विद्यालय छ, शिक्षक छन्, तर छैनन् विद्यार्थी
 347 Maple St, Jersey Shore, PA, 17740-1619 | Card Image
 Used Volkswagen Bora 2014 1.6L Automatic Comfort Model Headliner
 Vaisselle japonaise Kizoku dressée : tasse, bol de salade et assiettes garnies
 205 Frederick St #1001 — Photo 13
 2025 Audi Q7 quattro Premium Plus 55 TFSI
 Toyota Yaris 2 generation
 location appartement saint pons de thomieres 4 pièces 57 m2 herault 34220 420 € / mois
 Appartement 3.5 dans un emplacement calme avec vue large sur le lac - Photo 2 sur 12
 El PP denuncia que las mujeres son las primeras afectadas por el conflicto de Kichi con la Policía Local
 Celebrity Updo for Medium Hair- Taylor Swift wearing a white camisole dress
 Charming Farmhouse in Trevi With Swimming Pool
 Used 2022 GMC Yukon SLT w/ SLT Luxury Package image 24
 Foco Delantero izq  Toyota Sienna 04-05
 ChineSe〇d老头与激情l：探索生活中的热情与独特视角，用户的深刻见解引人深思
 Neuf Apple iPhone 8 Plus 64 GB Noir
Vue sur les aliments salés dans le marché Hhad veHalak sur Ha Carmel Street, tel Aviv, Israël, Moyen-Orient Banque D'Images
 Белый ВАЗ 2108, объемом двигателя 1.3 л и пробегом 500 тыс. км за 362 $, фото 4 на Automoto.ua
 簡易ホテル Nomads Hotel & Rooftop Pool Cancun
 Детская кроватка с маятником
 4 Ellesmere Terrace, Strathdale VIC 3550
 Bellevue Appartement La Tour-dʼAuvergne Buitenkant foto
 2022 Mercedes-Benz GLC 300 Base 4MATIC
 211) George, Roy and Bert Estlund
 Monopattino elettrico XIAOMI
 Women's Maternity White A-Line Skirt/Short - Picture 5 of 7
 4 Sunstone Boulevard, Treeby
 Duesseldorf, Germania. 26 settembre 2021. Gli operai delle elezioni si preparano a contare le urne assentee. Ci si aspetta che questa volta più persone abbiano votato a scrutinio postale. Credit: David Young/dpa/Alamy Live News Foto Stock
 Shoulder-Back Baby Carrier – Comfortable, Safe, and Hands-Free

::::::::

Task directions | A count is needed of the lines in the entries that contain "Used". Supply only that number.

Exercise output | 2